DATA SHOWN —
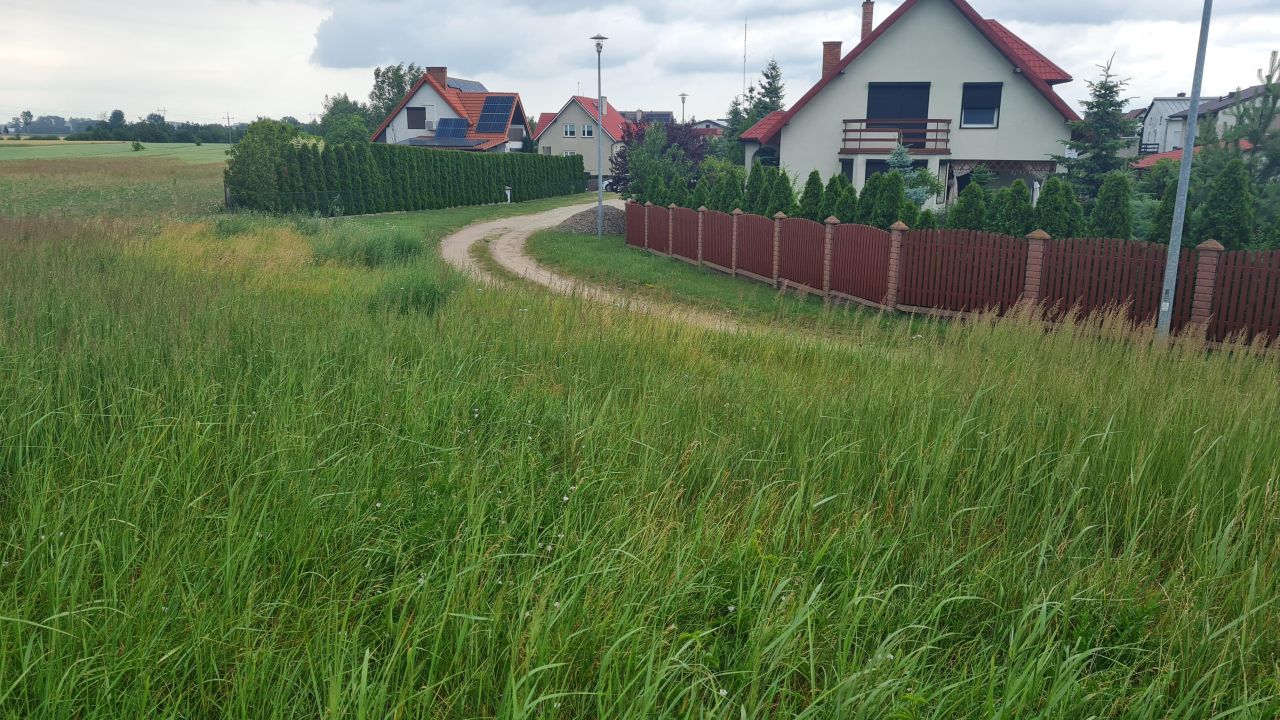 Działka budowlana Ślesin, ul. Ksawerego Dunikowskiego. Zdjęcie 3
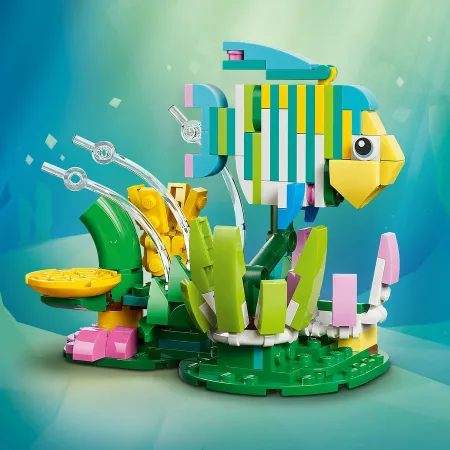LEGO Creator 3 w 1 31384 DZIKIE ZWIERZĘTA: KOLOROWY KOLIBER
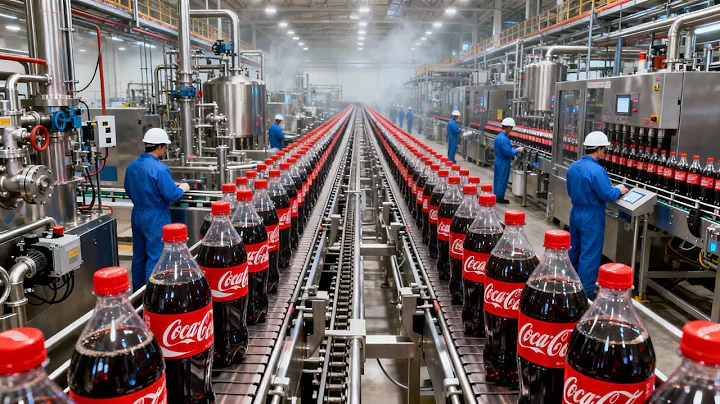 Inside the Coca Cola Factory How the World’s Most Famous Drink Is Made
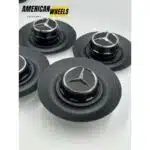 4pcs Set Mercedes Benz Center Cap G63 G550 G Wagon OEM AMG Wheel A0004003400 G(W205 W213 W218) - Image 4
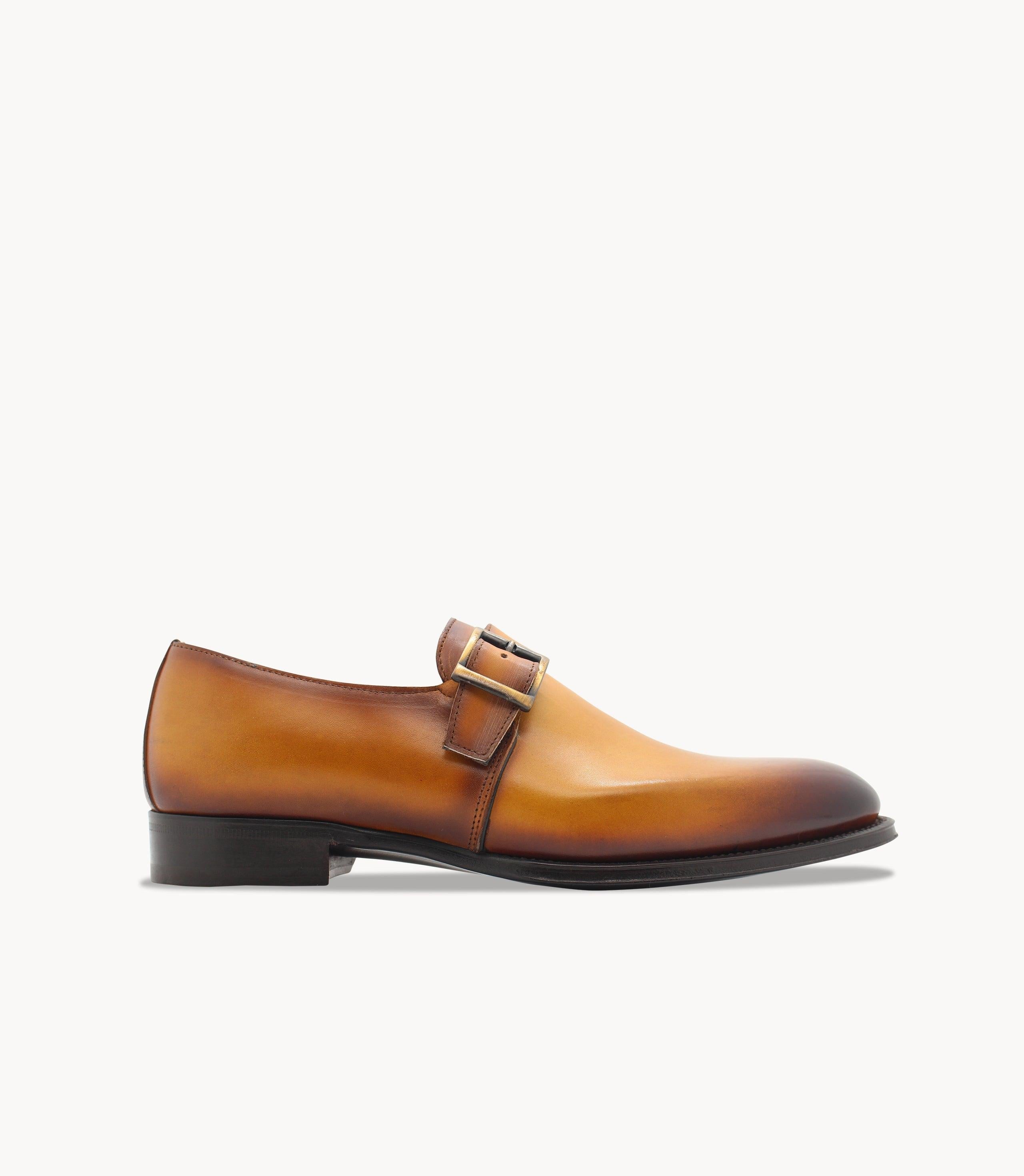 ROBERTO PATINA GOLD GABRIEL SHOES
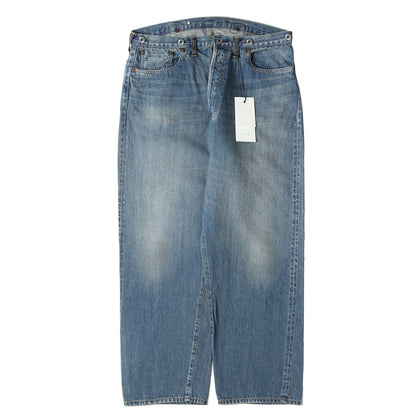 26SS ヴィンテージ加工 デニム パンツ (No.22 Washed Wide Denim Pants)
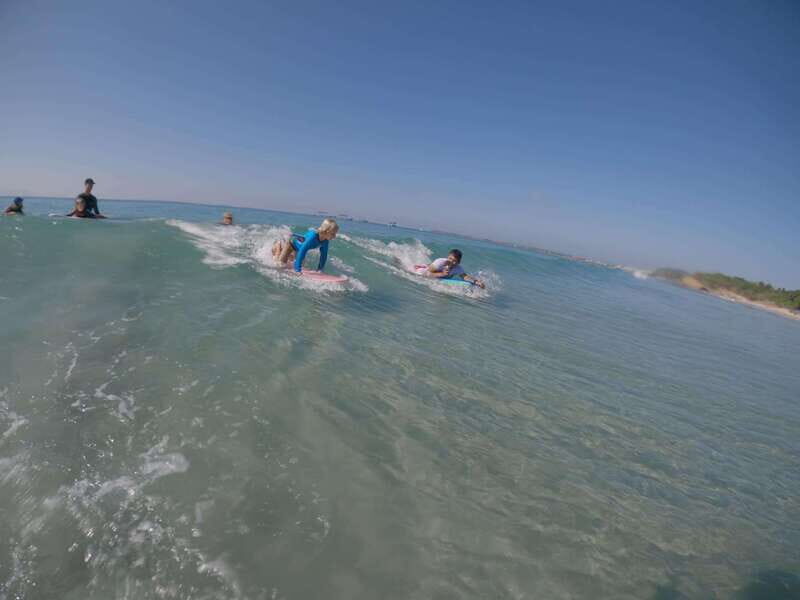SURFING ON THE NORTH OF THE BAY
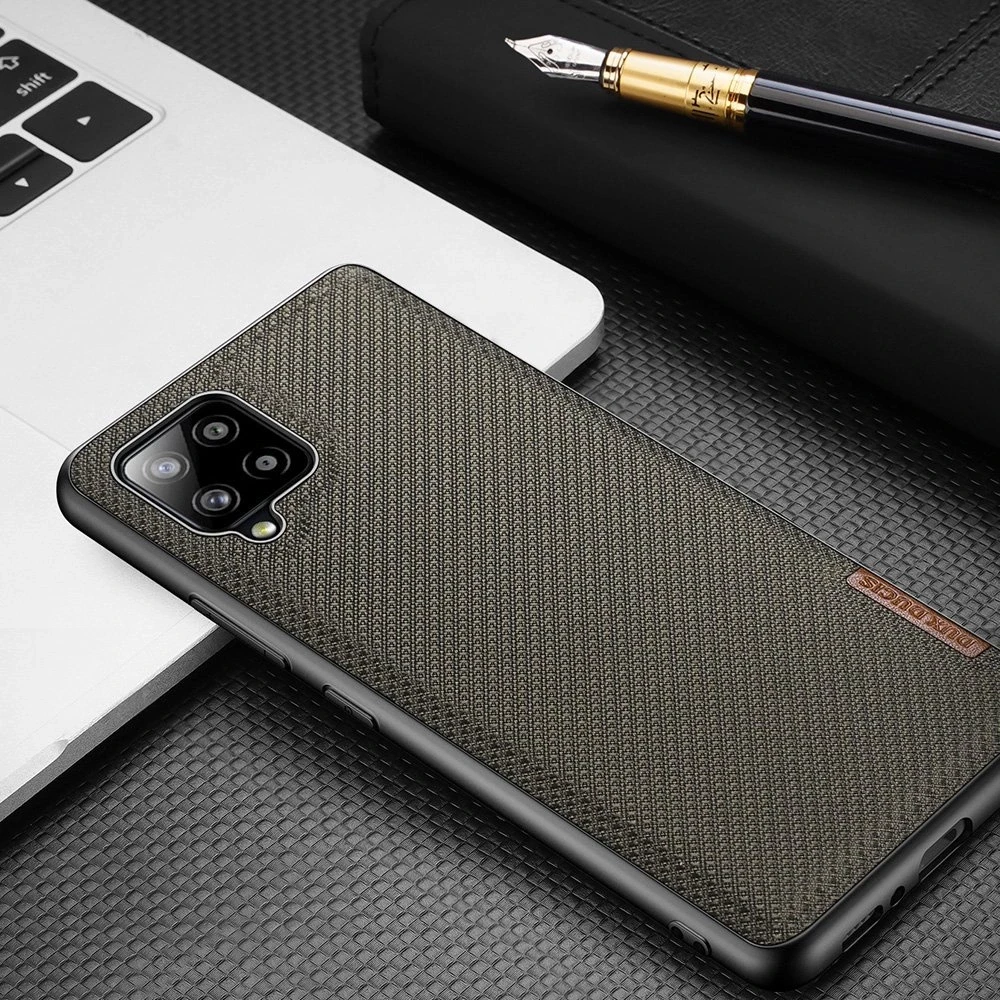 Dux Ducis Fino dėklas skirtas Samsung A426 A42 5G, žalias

PROBLEM REQUIREMENTS — Please retype every record shown above, exactly as written, but without pictures.

SOLUTION FOR THIS PROBLEM —
 Działka budowlana Ślesin, ul. Ksawerego Dunikowskiego. Zdjęcie 3
LEGO Creator 3 w 1 31384 DZIKIE ZWIERZĘTA: KOLOROWY KOLIBER
 Inside the Coca Cola Factory How the World’s Most Famous Drink Is Made
 4pcs Set Mercedes Benz Center Cap G63 G550 G Wagon OEM AMG Wheel A0004003400 G(W205 W213 W218) - Image 4
 ROBERTO PATINA GOLD GABRIEL SHOES
 26SS ヴィンテージ加工 デニム パンツ (No.22 Washed Wide Denim Pants)
SURFING ON THE NORTH OF THE BAY
 Dux Ducis Fino dėklas skirtas Samsung A426 A42 5G, žalias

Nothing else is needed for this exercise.